En avril 2012, une société en acquiert une autre, spécialisée dans la distribution de matériel électrique et employant plus de 300 salariés répartis sur 40 agences. Suite à cette acquisition, une procédure de licenciement collectif pour motif économique est envisagée, avec consultation du comité d’entreprise, à compter du 20 décembre 2012, sur le projet de réorganisation et le contenu du PSE. Le 8 octobre 2013, dix-sept salariés sont licenciés et saisissent la juridiction prud’homale pour contester la légitimité de leur licenciement et demander le versement de diverses indemnités.

La clause litigieuse

Le PSE contient une clause subordonnant le versement d’indemnités à :

  • l’absence de contentieux collectif des instances représentatives du personnel (comité d’entreprise et CHSCT) sur la régularité de la procédure de licenciement économique et les mesures de reclassement proposées ;
  • l’absence de contentieux individuel sur le licenciement économique.

La décision de la Cour de cassation

La Cour de cassation confirme l’analyse de la Cour d’appel de Toulouse qui avait estimé que cette clause du PSE portait une atteinte injustifiée et disproportionnée au droit d’agir en justice reconnu à tout salarié. Elle rappelle que, selon les articles L. 1121-1 du Code du travail et 6 § 1 de la Convention de sauvegarde des droits de l’homme et des libertés fondamentales, une clause subordonnant le bénéfice d’un droit résultant de la rupture du contrat de travail à la renonciation du salarié à contester le bien-fondé de cette rupture est nulle.
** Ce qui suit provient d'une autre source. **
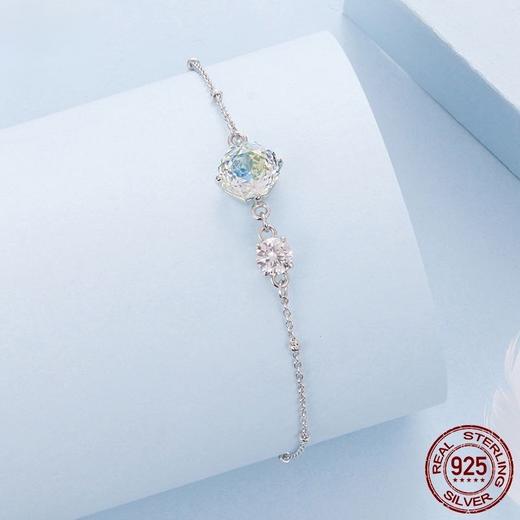 【情人节满分礼物】原创幻彩玫瑰切锆石手链浪漫梦幻s925纯银手链送女友礼物。jc 商品图1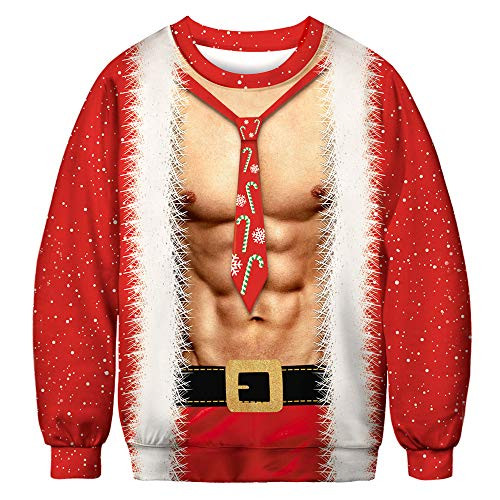 Heymiss Unisex Xmas 3D Digital Print Funny Ugly Christmas Sweatshirts Pullover L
La Cour de cassation rejette également l’argument de l’employeur selon lequel les salariés n’ont subi aucun préjudice car la clause en question n’a pas été mise en œuvre : elle souligne en effet que cette clause a bien exercé sur eux une certaine pression, leur occasionnant un préjudice, certes immatériel mais réel. En conséquence, la chambre sociale confirme le versement de dommages-intérêts aux salariés concernés (soit 2 500 € pour chacun) et rappelle que l’existence d’un préjudice et l’évaluation de celui-ci relèvent du pouvoir souverain d’appréciation des juges du fond.

Les trois points clés à retenir 

  • La Cour de cassation rejette la licéité d’une clause insérée dans un plan de sauvegarde de l’emploi qui conditionne le versement des indemnités qu’il prévoit à la renonciation par les représentants du personnel et les salariés à toute action en justice.
  • Une telle clause porte une atteinte injustifiée et disproportionnée au droit d’agir en justice reconnu à tout salarié.
  • Cette clause, bien que jamais mise en œuvre, a bien exercé sur les salariés une certaine pression, leur occasionnant un préjudice, certes immatériel mais réel.